Breadth-First Search (BFS) is a graph traversal algorithm used to explore nodes and edges of a graph. It starts at a given source node and explores all its neighbors before moving on to the neighbors of those neighbors. BFS guarantees finding the shortest path in an unweighted graph, making it a powerful tool in graph theory.
Key Characteristics of BFS:
Level-Order Traversal: Nodes are visited level by level.
Queue-Based: BFS uses a queue to manage nodes to be visited.
Shortest Path: BFS finds the shortest path in terms of edges in an unweighted graph.
Breadth First: All neighbors are visited before moving deeper.
How Does BFS Work?
Start from the source node and mark it as visited.
Add the source node to a queue.
While the queue is not empty:
Remove the front node from the queue.
Visit all its unvisited neighbors, mark them as visited, and add them to the queue.
Applications of BFS
Finding Shortest Paths: In unweighted graphs (e.g., road networks).
Web Crawling: Exploring hyperlinks level by level.
Social Networks: Finding friends of friends (degrees of separation).
Connected Components: Detecting connected parts in a graph.
Maze Solving: Exploring paths in a grid or matrix.
BFS Visualization
Imagine a graph as a series of connected nodes. BFS explores all nodes at the current "depth" before moving to the next depth level. Think of ripples spreading from a pebble dropped into water.
C Program for BFS
Here’s a simple implementation of BFS in C:
#include <stdio.h>
#include <stdlib.h>
#define MAX 100
// Queue implementation
int queue[MAX], front = -1, rear = -1;
void enqueue(int node) {
if (rear == MAX - 1) {
printf("Queue Overflow\n");
return;
}
if (front == -1) front = 0;
queue[++rear] = node;
}
int dequeue() {
if (front == -1 || front > rear) {
printf("Queue Underflow\n");
return -1;
}
return queue[front++];
}
int isEmpty() {
return front == -1 || front > rear;
}
// BFS Function
void bfs(int graph[MAX][MAX], int start, int n) {
int visited[MAX] = {0};
enqueue(start);
visited[start] = 1;
printf("BFS Traversal: ");
while (!isEmpty()) {
int current = dequeue();
printf("%d ", current);
// Visit all adjacent nodes
for (int i = 0; i < n; i++) {
if (graph[current][i] == 1 && !visited[i]) {
enqueue(i);
visited[i] = 1;
}
}
}
printf("\n");
}
int main() {
int n, start;
int graph[MAX][MAX];
printf("Enter the number of nodes: ");
scanf("%d", &n);
printf("Enter the adjacency matrix:\n");
for (int i = 0; i < n; i++) {
for (int j = 0; j < n; j++) {
scanf("%d", &graph[i][j]);
}
}
printf("Enter the starting node: ");
scanf("%d", &start);
bfs(graph, start, n);
return 0;
}
How It Works:
Adjacency Matrix: The graph is represented as an adjacency matrix.

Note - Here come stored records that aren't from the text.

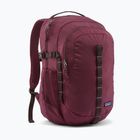 Herrenrucksack Patagonia Refugio Day 26 l berry fig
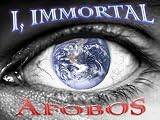 I, IMMORTAL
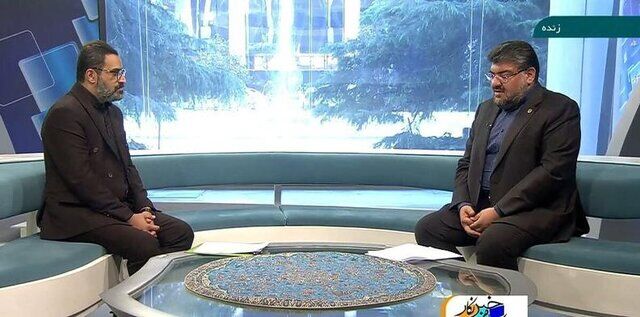 احصای ۳۰۰ عنوان حقوقی در نرمافزار حقوق عامه احصای ۳۰۰ عنوان حقوقی در نرمافزار حقوق عامه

Queue: A queue is used to track nodes to be visited.
Visited Array: Keeps track of visited nodes to avoid reprocessing.
Input: Users input the adjacency matrix and the starting node.
Why BFS is Important?
BFS is a cornerstone of graph algorithms due to its simplicity and versatility. Whether you're exploring social networks, solving puzzles, or analyzing connectivity, BFS is a go-to tool.